Word for word, restate the lines from the start of the data below through the line containing "2021 Ford Expedition XLT CLEAN CARFAX".

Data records
--
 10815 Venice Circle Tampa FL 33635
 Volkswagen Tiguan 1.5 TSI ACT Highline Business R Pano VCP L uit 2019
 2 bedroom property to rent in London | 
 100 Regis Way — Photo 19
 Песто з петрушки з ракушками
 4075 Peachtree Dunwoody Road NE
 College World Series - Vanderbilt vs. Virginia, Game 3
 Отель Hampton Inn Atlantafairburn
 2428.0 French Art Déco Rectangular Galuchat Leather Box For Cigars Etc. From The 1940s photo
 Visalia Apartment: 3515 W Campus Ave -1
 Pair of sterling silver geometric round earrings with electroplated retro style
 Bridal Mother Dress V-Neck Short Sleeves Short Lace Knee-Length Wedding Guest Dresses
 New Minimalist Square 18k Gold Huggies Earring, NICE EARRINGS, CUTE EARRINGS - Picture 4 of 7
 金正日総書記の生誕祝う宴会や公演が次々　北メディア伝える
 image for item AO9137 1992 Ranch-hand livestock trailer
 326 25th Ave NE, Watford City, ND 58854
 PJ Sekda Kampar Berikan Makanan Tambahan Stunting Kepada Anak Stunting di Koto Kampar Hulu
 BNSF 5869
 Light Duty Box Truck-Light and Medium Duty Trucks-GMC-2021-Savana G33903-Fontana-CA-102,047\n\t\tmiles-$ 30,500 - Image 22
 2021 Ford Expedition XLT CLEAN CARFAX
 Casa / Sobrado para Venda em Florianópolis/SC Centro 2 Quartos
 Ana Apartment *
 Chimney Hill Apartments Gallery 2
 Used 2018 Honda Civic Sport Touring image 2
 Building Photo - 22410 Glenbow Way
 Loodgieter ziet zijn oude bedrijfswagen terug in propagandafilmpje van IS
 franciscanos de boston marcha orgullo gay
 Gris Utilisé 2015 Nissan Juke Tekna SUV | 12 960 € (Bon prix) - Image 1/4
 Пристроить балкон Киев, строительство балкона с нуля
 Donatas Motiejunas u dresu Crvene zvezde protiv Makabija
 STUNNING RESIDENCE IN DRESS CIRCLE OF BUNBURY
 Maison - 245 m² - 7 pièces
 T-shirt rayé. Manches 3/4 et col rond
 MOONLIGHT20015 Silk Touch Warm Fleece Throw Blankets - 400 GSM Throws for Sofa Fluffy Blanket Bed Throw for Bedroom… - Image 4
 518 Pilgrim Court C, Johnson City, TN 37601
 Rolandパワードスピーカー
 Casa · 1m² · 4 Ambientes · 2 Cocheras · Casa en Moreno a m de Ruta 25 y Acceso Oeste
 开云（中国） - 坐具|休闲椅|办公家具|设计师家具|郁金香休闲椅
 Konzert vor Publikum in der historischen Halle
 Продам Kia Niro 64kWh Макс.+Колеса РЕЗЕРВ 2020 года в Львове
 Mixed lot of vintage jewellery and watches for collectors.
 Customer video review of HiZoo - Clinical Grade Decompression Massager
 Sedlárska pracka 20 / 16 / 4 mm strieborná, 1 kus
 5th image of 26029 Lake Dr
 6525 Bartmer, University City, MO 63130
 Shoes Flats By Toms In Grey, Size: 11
--
Reply:
 10815 Venice Circle Tampa FL 33635
 Volkswagen Tiguan 1.5 TSI ACT Highline Business R Pano VCP L uit 2019
 2 bedroom property to rent in London | 
 100 Regis Way — Photo 19
 Песто з петрушки з ракушками
 4075 Peachtree Dunwoody Road NE
 College World Series - Vanderbilt vs. Virginia, Game 3
 Отель Hampton Inn Atlantafairburn
 2428.0 French Art Déco Rectangular Galuchat Leather Box For Cigars Etc. From The 1940s photo
 Visalia Apartment: 3515 W Campus Ave -1
 Pair of sterling silver geometric round earrings with electroplated retro style
 Bridal Mother Dress V-Neck Short Sleeves Short Lace Knee-Length Wedding Guest Dresses
 New Minimalist Square 18k Gold Huggies Earring, NICE EARRINGS, CUTE EARRINGS - Picture 4 of 7
 金正日総書記の生誕祝う宴会や公演が次々　北メディア伝える
 image for item AO9137 1992 Ranch-hand livestock trailer
 326 25th Ave NE, Watford City, ND 58854
 PJ Sekda Kampar Berikan Makanan Tambahan Stunting Kepada Anak Stunting di Koto Kampar Hulu
 BNSF 5869
 Light Duty Box Truck-Light and Medium Duty Trucks-GMC-2021-Savana G33903-Fontana-CA-102,047\n\t\tmiles-$ 30,500 - Image 22
 2021 Ford Expedition XLT CLEAN CARFAX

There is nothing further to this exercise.